The Problem: Directional Monotonicity
Gelman and Hill correctly state that “if a justice’s [senator's]
ideal point is near a case’s [bill's] position, then the case [bill]
could go either way, but if the ideal point is far from the position,
then the justice’s [senator's] vote is highly predictable.” This is
easy to see from the graph. It’s the specifics of how the votes get
more predictable that’s problematic.
Given a vote on bill k with position beta[k], the further the
senator’s position is to the right (i.e., larger alpha[j]), the more
likely they are to vote conservative (i.e., y=1), and the further a
senator is to the left (i.e., smaller alpha[j]), the more likely they
are to vote liberal (i.e., y=0).
Holding a senator’s ideal point alpha[j] steady, bills further to
the left (i.e. smaller beta[k]) are more likely to get conservative
(i.e., y=1) votes and those further to the right more likely to get
liberal (i.e., y=0) votes.
Expected Votes Given Position
The obvious thing to plot here is the expected number of votes
predicted by the model versus the position of a bill. The following
graph is a simulation. I simulated a mixture of 57 Democratic and 43
Republican senators (using Norm(-1.5,1) and Norm(2,1) sampling
distributions, respectively). I then centered them so they’d have a
mean of zero. The senators’ positions are shown on the x axis as
circles, colored blue for Democratic and red for Republican senators.

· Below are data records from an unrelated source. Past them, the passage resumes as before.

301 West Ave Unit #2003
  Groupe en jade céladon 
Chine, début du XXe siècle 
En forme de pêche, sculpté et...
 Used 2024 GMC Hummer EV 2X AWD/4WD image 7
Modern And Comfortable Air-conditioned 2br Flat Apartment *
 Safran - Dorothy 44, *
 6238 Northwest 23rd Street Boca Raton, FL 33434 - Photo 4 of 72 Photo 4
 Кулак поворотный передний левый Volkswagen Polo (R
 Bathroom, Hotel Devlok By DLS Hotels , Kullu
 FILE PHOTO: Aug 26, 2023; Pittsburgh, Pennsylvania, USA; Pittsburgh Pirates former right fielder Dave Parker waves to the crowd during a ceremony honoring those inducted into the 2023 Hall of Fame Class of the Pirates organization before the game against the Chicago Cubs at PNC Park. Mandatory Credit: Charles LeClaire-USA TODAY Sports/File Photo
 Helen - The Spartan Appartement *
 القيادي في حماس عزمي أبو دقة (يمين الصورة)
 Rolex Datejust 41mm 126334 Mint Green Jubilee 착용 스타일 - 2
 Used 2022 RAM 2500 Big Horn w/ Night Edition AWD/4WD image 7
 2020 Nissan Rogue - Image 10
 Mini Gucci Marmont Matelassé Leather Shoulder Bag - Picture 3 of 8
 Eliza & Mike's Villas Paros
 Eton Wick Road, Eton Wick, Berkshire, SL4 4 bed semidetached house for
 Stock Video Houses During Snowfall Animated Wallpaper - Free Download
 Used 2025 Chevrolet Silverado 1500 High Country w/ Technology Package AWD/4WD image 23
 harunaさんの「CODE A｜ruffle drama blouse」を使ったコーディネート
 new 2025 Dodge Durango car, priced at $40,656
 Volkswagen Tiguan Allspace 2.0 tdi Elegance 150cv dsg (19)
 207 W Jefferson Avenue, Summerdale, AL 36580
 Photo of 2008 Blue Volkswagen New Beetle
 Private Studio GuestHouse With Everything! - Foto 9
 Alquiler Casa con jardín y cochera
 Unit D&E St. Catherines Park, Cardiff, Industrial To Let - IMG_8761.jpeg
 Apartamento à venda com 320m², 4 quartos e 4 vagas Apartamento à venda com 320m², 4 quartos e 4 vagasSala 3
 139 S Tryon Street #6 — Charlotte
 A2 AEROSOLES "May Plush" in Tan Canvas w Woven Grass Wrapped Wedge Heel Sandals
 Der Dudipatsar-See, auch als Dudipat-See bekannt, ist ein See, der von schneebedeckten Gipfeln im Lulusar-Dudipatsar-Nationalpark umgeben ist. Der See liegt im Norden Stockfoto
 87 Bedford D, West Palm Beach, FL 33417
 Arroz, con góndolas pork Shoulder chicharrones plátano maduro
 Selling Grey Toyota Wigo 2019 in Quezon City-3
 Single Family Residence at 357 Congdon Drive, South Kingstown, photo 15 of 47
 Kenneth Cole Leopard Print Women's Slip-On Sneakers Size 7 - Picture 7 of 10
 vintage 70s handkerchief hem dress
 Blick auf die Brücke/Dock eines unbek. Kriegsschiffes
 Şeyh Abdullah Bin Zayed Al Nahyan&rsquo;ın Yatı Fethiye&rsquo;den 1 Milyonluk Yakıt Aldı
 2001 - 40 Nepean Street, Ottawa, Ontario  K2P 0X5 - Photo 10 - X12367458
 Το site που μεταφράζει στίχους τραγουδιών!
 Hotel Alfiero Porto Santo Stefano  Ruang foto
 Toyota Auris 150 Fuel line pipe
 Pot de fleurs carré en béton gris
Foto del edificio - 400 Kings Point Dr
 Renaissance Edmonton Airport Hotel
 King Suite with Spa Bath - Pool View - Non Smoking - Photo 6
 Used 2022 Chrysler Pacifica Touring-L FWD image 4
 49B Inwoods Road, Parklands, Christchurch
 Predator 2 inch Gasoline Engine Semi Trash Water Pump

The red curve shows the expected number of 1 votes given the
position of a bill. It’s colored red because a conservative bill is
coded with a vote of y[i]=1 being for the bill. Thus the red curve is
the number of votes for a conservative bill based on its position.
Although only 51 votes are required to pass a bill, 60 are required
to block an opposing filibuster, so we have drawn a horizontal line at
60 votes. It intersects the curves at the least extreme positions at
which a bill is expected to pass even under threat of filibuster.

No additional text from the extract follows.